# Input for this task:
──────────────────────────────
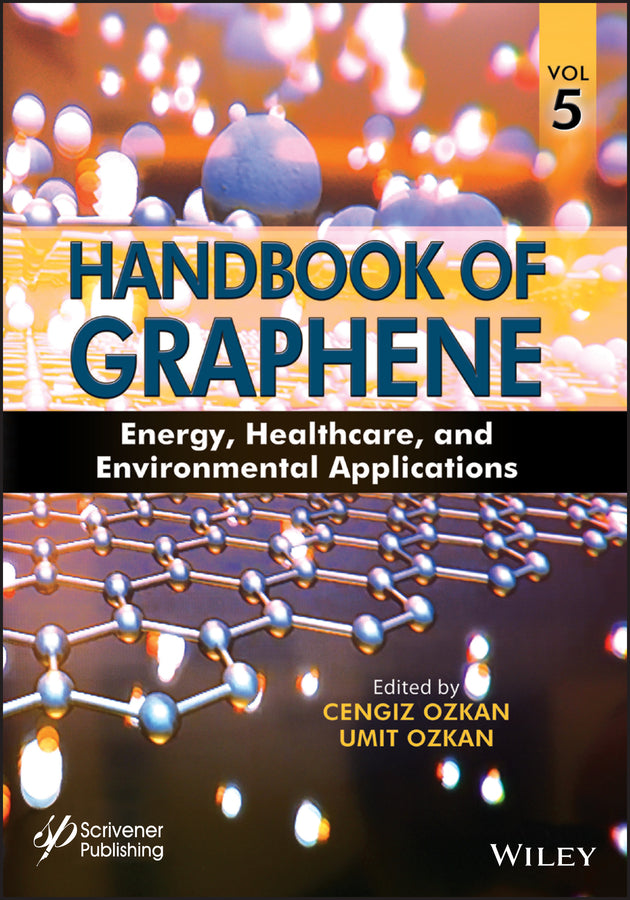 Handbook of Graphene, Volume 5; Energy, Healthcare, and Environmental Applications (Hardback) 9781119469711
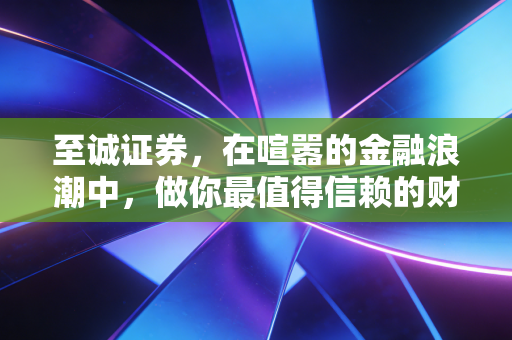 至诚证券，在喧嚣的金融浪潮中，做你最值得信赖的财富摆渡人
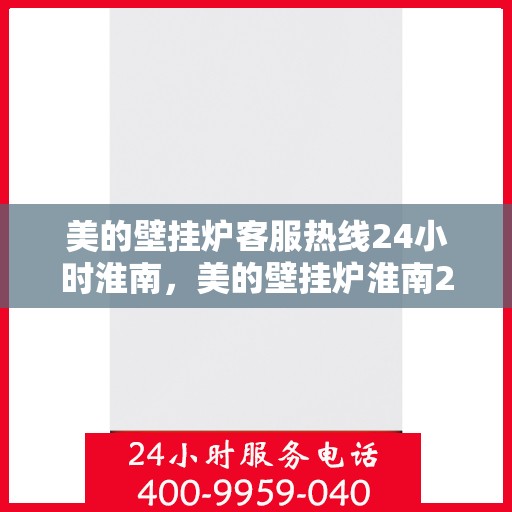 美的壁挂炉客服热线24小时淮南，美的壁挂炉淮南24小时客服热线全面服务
──────────────────────────────
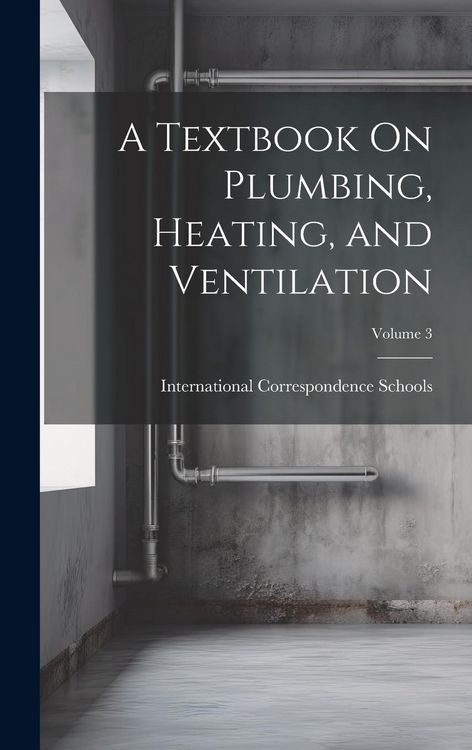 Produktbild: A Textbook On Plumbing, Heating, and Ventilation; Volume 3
──────────────────────────────
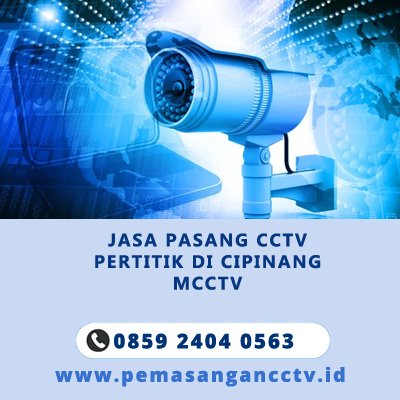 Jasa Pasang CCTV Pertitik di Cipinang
──────────────────────────────
What you return from the records above should be exactly everything from the line with "Handbook of Graphene, Volume" down to the line with "美的壁挂炉客服热线24小时淮南，美的壁挂炉淮南24小时客服热线全面服务", both kept, and no pictures.

 Handbook of Graphene, Volume 5; Energy, Healthcare, and Environmental Applications (Hardback) 9781119469711
 至诚证券，在喧嚣的金融浪潮中，做你最值得信赖的财富摆渡人
 美的壁挂炉客服热线24小时淮南，美的壁挂炉淮南24小时客服热线全面服务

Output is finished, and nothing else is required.